GOAL OF THE EXERCISE ->
Please give the data again exactly, with no line dropped.
══ INPUT DATA ══
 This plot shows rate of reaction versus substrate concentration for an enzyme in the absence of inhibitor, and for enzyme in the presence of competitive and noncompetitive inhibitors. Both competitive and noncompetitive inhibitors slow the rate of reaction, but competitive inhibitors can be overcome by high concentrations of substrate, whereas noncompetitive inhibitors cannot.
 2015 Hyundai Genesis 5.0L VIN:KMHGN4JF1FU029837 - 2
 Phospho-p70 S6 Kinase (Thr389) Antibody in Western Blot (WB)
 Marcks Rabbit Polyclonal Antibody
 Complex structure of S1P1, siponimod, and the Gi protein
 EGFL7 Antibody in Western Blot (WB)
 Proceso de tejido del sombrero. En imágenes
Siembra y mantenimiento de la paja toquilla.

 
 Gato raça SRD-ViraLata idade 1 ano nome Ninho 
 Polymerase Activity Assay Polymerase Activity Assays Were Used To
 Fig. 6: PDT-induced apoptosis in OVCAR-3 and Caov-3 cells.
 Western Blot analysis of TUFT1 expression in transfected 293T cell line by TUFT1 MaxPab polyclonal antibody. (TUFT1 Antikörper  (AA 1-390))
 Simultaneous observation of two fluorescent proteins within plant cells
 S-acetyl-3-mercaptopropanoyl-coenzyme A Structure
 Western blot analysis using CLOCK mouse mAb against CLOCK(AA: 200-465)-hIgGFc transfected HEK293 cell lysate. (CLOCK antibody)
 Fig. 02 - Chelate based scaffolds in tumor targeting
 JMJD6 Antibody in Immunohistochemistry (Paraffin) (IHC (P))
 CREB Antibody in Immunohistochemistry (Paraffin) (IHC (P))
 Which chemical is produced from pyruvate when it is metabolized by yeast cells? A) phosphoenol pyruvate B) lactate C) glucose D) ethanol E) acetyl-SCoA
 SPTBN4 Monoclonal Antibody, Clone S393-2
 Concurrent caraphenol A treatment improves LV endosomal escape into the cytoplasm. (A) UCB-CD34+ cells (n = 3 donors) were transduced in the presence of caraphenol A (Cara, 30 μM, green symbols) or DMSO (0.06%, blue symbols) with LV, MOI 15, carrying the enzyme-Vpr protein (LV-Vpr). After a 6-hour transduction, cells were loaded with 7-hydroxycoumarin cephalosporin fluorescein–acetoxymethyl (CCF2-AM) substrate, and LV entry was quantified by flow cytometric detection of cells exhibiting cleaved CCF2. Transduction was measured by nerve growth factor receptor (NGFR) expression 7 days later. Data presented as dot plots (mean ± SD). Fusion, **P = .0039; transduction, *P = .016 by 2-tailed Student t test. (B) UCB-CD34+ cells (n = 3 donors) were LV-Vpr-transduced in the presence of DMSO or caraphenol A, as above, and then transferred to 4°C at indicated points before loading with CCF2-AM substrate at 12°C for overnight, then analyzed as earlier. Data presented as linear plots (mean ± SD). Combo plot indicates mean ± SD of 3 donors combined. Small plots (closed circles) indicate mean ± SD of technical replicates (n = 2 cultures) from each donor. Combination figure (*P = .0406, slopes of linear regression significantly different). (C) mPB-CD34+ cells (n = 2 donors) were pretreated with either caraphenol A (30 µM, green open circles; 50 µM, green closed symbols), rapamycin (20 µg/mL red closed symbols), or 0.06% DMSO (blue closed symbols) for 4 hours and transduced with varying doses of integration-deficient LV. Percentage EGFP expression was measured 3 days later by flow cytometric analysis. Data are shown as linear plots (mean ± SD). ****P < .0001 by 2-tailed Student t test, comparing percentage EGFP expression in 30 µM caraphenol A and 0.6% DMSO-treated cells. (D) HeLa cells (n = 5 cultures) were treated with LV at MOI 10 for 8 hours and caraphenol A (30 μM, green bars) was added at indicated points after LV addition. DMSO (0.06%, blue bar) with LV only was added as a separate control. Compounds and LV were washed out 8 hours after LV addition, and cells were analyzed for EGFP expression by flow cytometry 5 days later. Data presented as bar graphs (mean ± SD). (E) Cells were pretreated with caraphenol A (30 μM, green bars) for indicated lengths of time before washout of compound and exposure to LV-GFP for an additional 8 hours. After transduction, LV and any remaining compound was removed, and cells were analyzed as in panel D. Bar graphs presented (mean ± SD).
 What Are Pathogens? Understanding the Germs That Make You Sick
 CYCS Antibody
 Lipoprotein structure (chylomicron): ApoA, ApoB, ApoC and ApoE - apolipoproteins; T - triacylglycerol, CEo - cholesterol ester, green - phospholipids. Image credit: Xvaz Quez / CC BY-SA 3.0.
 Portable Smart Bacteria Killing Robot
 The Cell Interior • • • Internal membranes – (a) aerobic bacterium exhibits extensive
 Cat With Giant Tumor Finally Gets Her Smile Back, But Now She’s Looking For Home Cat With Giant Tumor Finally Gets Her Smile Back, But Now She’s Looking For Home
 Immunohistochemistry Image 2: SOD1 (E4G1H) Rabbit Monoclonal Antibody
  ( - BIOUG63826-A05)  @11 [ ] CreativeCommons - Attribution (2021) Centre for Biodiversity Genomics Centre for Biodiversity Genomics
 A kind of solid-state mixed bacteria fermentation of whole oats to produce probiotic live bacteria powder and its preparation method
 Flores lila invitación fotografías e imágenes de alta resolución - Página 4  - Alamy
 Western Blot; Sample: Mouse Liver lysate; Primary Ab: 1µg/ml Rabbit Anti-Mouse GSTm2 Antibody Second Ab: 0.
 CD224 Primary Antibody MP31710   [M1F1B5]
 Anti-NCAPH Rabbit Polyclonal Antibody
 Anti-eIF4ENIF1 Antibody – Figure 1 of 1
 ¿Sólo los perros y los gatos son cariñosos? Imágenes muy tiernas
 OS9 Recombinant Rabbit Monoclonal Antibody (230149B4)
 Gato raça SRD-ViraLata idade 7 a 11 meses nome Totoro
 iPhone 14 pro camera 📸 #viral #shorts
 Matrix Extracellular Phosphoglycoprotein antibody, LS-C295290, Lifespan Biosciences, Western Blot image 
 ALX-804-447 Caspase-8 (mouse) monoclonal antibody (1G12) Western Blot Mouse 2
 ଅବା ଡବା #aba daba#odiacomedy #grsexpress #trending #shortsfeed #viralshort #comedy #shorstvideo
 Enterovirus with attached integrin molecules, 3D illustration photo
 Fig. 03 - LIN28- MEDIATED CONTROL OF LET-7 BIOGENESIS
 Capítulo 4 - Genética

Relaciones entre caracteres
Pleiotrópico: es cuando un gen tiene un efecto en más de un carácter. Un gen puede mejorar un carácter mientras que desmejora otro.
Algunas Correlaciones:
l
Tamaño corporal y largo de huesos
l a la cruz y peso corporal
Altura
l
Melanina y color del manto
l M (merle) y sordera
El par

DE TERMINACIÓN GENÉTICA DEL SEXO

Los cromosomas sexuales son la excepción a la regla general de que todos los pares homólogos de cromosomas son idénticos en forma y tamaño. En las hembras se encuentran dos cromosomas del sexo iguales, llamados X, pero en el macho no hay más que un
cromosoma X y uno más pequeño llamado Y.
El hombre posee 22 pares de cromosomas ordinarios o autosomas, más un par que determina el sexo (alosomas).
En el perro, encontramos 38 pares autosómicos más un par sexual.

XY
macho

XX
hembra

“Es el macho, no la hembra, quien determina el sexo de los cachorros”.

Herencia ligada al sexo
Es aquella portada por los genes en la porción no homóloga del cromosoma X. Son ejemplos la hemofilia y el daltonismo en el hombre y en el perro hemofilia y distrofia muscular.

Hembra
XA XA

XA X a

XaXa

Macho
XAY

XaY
═══
EXERCISE ANSWER ->
 This plot shows rate of reaction versus substrate concentration for an enzyme in the absence of inhibitor, and for enzyme in the presence of competitive and noncompetitive inhibitors. Both competitive and noncompetitive inhibitors slow the rate of reaction, but competitive inhibitors can be overcome by high concentrations of substrate, whereas noncompetitive inhibitors cannot.
 2015 Hyundai Genesis 5.0L VIN:KMHGN4JF1FU029837 - 2
 Phospho-p70 S6 Kinase (Thr389) Antibody in Western Blot (WB)
 Marcks Rabbit Polyclonal Antibody
 Complex structure of S1P1, siponimod, and the Gi protein
 EGFL7 Antibody in Western Blot (WB)
 Proceso de tejido del sombrero. En imágenes
Siembra y mantenimiento de la paja toquilla.

 
 Gato raça SRD-ViraLata idade 1 ano nome Ninho 
 Polymerase Activity Assay Polymerase Activity Assays Were Used To
 Fig. 6: PDT-induced apoptosis in OVCAR-3 and Caov-3 cells.
 Western Blot analysis of TUFT1 expression in transfected 293T cell line by TUFT1 MaxPab polyclonal antibody. (TUFT1 Antikörper  (AA 1-390))
 Simultaneous observation of two fluorescent proteins within plant cells
 S-acetyl-3-mercaptopropanoyl-coenzyme A Structure
 Western blot analysis using CLOCK mouse mAb against CLOCK(AA: 200-465)-hIgGFc transfected HEK293 cell lysate. (CLOCK antibody)
 Fig. 02 - Chelate based scaffolds in tumor targeting
 JMJD6 Antibody in Immunohistochemistry (Paraffin) (IHC (P))
 CREB Antibody in Immunohistochemistry (Paraffin) (IHC (P))
 Which chemical is produced from pyruvate when it is metabolized by yeast cells? A) phosphoenol pyruvate B) lactate C) glucose D) ethanol E) acetyl-SCoA
 SPTBN4 Monoclonal Antibody, Clone S393-2
 Concurrent caraphenol A treatment improves LV endosomal escape into the cytoplasm. (A) UCB-CD34+ cells (n = 3 donors) were transduced in the presence of caraphenol A (Cara, 30 μM, green symbols) or DMSO (0.06%, blue symbols) with LV, MOI 15, carrying the enzyme-Vpr protein (LV-Vpr). After a 6-hour transduction, cells were loaded with 7-hydroxycoumarin cephalosporin fluorescein–acetoxymethyl (CCF2-AM) substrate, and LV entry was quantified by flow cytometric detection of cells exhibiting cleaved CCF2. Transduction was measured by nerve growth factor receptor (NGFR) expression 7 days later. Data presented as dot plots (mean ± SD). Fusion, **P = .0039; transduction, *P = .016 by 2-tailed Student t test. (B) UCB-CD34+ cells (n = 3 donors) were LV-Vpr-transduced in the presence of DMSO or caraphenol A, as above, and then transferred to 4°C at indicated points before loading with CCF2-AM substrate at 12°C for overnight, then analyzed as earlier. Data presented as linear plots (mean ± SD). Combo plot indicates mean ± SD of 3 donors combined. Small plots (closed circles) indicate mean ± SD of technical replicates (n = 2 cultures) from each donor. Combination figure (*P = .0406, slopes of linear regression significantly different). (C) mPB-CD34+ cells (n = 2 donors) were pretreated with either caraphenol A (30 µM, green open circles; 50 µM, green closed symbols), rapamycin (20 µg/mL red closed symbols), or 0.06% DMSO (blue closed symbols) for 4 hours and transduced with varying doses of integration-deficient LV. Percentage EGFP expression was measured 3 days later by flow cytometric analysis. Data are shown as linear plots (mean ± SD). ****P < .0001 by 2-tailed Student t test, comparing percentage EGFP expression in 30 µM caraphenol A and 0.6% DMSO-treated cells. (D) HeLa cells (n = 5 cultures) were treated with LV at MOI 10 for 8 hours and caraphenol A (30 μM, green bars) was added at indicated points after LV addition. DMSO (0.06%, blue bar) with LV only was added as a separate control. Compounds and LV were washed out 8 hours after LV addition, and cells were analyzed for EGFP expression by flow cytometry 5 days later. Data presented as bar graphs (mean ± SD). (E) Cells were pretreated with caraphenol A (30 μM, green bars) for indicated lengths of time before washout of compound and exposure to LV-GFP for an additional 8 hours. After transduction, LV and any remaining compound was removed, and cells were analyzed as in panel D. Bar graphs presented (mean ± SD).
 What Are Pathogens? Understanding the Germs That Make You Sick
 CYCS Antibody
 Lipoprotein structure (chylomicron): ApoA, ApoB, ApoC and ApoE - apolipoproteins; T - triacylglycerol, CEo - cholesterol ester, green - phospholipids. Image credit: Xvaz Quez / CC BY-SA 3.0.
 Portable Smart Bacteria Killing Robot
 The Cell Interior • • • Internal membranes – (a) aerobic bacterium exhibits extensive
 Cat With Giant Tumor Finally Gets Her Smile Back, But Now She’s Looking For Home Cat With Giant Tumor Finally Gets Her Smile Back, But Now She’s Looking For Home
 Immunohistochemistry Image 2: SOD1 (E4G1H) Rabbit Monoclonal Antibody
  ( - BIOUG63826-A05)  @11 [ ] CreativeCommons - Attribution (2021) Centre for Biodiversity Genomics Centre for Biodiversity Genomics
 A kind of solid-state mixed bacteria fermentation of whole oats to produce probiotic live bacteria powder and its preparation method
 Flores lila invitación fotografías e imágenes de alta resolución - Página 4  - Alamy
 Western Blot; Sample: Mouse Liver lysate; Primary Ab: 1µg/ml Rabbit Anti-Mouse GSTm2 Antibody Second Ab: 0.
 CD224 Primary Antibody MP31710   [M1F1B5]
 Anti-NCAPH Rabbit Polyclonal Antibody
 Anti-eIF4ENIF1 Antibody – Figure 1 of 1
 ¿Sólo los perros y los gatos son cariñosos? Imágenes muy tiernas
 OS9 Recombinant Rabbit Monoclonal Antibody (230149B4)
 Gato raça SRD-ViraLata idade 7 a 11 meses nome Totoro
 iPhone 14 pro camera 📸 #viral #shorts
 Matrix Extracellular Phosphoglycoprotein antibody, LS-C295290, Lifespan Biosciences, Western Blot image 
 ALX-804-447 Caspase-8 (mouse) monoclonal antibody (1G12) Western Blot Mouse 2
 ଅବା ଡବା #aba daba#odiacomedy #grsexpress #trending #shortsfeed #viralshort #comedy #shorstvideo
 Enterovirus with attached integrin molecules, 3D illustration photo
 Fig. 03 - LIN28- MEDIATED CONTROL OF LET-7 BIOGENESIS
 Capítulo 4 - Genética

Relaciones entre caracteres
Pleiotrópico: es cuando un gen tiene un efecto en más de un carácter. Un gen puede mejorar un carácter mientras que desmejora otro.
Algunas Correlaciones:
l
Tamaño corporal y largo de huesos
l a la cruz y peso corporal
Altura
l
Melanina y color del manto
l M (merle) y sordera
El par

DE TERMINACIÓN GENÉTICA DEL SEXO

Los cromosomas sexuales son la excepción a la regla general de que todos los pares homólogos de cromosomas son idénticos en forma y tamaño. En las hembras se encuentran dos cromosomas del sexo iguales, llamados X, pero en el macho no hay más que un
cromosoma X y uno más pequeño llamado Y.
El hombre posee 22 pares de cromosomas ordinarios o autosomas, más un par que determina el sexo (alosomas).
En el perro, encontramos 38 pares autosómicos más un par sexual.

XY
macho

XX
hembra

“Es el macho, no la hembra, quien determina el sexo de los cachorros”.

Herencia ligada al sexo
Es aquella portada por los genes en la porción no homóloga del cromosoma X. Son ejemplos la hemofilia y el daltonismo en el hombre y en el perro hemofilia y distrofia muscular.

Hembra
XA XA

XA X a

XaXa

Macho
XAY

XaY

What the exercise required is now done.